After a Silicon Valley Visit: What Now?
Yu prepared, you learned that you are not getting a Silicon-Valley-Blueprint, but instead many new and fundamental questions, and despite that – or rather because of that – you had a good time in Silicon Valley with a lot of new impressions and inspirations. The time here motivated you with a renewed will of getting things done and shaping the future, but all slowly comes to a grinding halt. How exactly am I supposed to go forward and apply what I learned without losing momentum?
Exactly those are the questions that plague Silicon Valley visitors. Here are a few tips what you can and should do.
The first thing can be done on the way back to the airport for your return flight: assign action items to each participant that they have to do until a specific date. And most importantly: the very next Tuesday all participants should meet and follow up with the next steps.
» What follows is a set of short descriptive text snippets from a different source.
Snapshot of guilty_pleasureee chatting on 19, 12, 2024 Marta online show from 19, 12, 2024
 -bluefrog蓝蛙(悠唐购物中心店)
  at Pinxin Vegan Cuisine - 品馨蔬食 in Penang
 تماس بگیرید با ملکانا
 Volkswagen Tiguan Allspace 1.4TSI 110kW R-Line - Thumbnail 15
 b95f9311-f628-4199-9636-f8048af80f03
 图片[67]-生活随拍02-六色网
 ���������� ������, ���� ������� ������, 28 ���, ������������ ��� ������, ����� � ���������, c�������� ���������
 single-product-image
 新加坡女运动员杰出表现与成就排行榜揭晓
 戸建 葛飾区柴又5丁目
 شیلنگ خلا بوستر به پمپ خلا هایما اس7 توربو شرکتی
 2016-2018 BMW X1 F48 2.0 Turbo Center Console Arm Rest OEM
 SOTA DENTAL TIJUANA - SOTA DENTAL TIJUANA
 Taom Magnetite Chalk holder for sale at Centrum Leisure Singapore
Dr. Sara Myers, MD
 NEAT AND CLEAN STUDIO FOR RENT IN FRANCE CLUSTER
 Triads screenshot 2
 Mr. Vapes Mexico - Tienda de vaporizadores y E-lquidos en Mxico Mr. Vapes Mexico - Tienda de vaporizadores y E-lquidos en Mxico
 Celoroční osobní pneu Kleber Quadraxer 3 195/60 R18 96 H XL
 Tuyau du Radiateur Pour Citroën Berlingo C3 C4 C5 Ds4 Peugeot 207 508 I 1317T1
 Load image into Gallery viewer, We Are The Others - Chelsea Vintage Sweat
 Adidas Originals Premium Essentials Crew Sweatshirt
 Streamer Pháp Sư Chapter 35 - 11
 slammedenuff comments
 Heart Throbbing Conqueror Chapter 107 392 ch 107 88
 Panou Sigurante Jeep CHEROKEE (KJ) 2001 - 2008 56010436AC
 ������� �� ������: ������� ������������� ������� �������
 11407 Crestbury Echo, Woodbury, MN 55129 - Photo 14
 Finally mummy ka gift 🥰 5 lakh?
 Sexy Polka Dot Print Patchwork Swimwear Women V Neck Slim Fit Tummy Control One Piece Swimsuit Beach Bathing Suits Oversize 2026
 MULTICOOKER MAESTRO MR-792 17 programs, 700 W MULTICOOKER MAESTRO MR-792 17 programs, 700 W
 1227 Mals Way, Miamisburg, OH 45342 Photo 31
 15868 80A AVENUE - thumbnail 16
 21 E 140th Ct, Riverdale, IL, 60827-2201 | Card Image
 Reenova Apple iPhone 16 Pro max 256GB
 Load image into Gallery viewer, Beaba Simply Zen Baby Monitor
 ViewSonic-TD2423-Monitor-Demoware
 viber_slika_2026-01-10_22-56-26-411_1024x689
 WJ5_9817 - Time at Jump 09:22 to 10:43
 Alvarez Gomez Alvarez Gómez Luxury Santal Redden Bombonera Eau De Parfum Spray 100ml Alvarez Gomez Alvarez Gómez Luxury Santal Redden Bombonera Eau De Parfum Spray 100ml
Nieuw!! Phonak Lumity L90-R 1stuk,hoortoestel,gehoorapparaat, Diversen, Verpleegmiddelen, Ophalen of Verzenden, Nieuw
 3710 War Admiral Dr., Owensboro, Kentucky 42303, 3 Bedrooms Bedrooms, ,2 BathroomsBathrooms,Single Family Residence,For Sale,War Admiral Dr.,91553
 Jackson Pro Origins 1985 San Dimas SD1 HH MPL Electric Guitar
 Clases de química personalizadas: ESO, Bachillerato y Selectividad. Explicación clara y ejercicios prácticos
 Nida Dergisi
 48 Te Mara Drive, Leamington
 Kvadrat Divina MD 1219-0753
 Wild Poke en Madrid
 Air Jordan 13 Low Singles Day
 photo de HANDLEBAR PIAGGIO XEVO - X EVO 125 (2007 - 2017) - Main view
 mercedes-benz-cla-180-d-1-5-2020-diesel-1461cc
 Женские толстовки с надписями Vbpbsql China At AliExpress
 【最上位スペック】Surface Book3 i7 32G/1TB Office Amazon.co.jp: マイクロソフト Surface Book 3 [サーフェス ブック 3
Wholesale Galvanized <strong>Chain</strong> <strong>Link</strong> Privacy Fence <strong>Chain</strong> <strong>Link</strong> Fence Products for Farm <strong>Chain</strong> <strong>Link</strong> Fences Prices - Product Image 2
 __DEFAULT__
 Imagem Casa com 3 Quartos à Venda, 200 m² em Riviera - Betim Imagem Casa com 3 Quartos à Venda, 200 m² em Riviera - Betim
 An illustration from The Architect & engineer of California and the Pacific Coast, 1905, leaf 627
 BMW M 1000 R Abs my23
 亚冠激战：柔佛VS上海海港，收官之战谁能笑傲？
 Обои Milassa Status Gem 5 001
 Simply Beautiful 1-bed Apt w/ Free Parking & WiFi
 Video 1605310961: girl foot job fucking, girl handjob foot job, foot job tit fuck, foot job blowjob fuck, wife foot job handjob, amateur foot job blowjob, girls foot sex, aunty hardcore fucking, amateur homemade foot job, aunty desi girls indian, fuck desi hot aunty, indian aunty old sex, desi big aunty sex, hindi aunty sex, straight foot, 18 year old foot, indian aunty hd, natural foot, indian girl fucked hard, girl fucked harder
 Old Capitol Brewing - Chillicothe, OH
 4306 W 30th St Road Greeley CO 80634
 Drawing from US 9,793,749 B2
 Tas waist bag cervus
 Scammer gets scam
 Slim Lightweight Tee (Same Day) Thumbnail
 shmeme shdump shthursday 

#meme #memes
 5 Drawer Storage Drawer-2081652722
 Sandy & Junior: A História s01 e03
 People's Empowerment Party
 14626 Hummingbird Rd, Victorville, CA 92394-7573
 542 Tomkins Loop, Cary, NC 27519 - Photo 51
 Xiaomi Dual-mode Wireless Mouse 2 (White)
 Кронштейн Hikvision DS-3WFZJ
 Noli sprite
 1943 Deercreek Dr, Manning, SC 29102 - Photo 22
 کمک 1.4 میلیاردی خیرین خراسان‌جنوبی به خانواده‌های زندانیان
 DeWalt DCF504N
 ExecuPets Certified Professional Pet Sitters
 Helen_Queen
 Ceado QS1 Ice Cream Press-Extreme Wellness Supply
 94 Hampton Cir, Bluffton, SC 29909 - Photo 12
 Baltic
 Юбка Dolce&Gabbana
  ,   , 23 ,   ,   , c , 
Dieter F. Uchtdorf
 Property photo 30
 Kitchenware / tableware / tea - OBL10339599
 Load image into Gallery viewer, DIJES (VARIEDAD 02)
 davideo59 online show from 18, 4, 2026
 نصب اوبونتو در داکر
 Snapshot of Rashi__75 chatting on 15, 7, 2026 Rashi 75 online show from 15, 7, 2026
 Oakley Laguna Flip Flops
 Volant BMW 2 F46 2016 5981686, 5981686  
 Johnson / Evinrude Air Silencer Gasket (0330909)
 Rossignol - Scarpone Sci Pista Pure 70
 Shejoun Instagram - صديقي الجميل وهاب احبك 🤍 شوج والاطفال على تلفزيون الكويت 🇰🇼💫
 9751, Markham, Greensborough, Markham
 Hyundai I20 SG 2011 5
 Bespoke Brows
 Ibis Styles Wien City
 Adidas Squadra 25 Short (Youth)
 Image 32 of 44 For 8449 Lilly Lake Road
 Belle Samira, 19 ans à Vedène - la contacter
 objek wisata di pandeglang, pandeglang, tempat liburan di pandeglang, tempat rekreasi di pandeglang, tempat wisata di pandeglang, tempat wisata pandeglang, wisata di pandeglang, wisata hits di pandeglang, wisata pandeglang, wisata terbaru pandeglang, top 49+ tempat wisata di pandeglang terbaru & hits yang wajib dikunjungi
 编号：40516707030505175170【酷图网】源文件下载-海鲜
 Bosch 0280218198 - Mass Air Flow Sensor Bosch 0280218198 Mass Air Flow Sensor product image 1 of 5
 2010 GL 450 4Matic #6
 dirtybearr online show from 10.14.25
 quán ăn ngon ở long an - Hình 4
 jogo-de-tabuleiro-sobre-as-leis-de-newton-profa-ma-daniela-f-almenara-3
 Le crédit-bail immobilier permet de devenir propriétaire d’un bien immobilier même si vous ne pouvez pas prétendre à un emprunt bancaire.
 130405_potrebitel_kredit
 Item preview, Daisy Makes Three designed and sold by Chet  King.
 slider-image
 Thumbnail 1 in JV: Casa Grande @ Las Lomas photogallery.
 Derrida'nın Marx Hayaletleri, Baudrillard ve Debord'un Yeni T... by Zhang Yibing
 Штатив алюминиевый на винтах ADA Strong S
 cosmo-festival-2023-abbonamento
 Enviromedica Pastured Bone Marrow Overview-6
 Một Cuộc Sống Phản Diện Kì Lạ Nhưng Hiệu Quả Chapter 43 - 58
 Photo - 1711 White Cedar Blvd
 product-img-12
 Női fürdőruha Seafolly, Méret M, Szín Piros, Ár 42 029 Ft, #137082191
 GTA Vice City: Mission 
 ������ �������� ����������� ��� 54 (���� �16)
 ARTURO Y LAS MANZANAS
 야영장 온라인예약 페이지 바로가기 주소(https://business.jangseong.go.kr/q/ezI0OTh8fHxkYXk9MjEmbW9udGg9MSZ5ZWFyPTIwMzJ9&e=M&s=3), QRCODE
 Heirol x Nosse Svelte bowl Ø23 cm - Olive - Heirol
In the same week – when all the impressions are still the freshest – each participant should do a short presentation in front of their respective teams. Show pictures from the visit, the most important impressions, report about the mindset that you experienced and possible threats and chances of the changes coming. Also mention, which new methodologies the team has to acquire to prepare themselves for the future.
Within a month organize an innovation salon. That’s an informal one to two hour meeting at the company where company employees have been invited to participate, no matter what their job role or experience is. It serves to instill a culture that innovation is the responsibility of everyone, and not just the ‘creative’ department. The innovation salon can be scheduled as a brown bag lunch or later in the day overlapping with the end of a regular work day. This way you get a self-selecting effect, where only those employees who are highly motivated and interested in innovation attend and stay.
Topics to be discussed during such a salon should be flexible and open for a broad range of areas, including product improvements, production processes, approaches, latest trends that come from outside, interesting trends that may not have an immediate impact on the company on a first look and similar areas of interest. The salon can take place in a rather unstructured way, or by having participant giving short prepared presentation and introductions to new topics. Examples could be “What does artificial intelligence mean for our production processes?”, “Driverless cars for our logistics?” etc.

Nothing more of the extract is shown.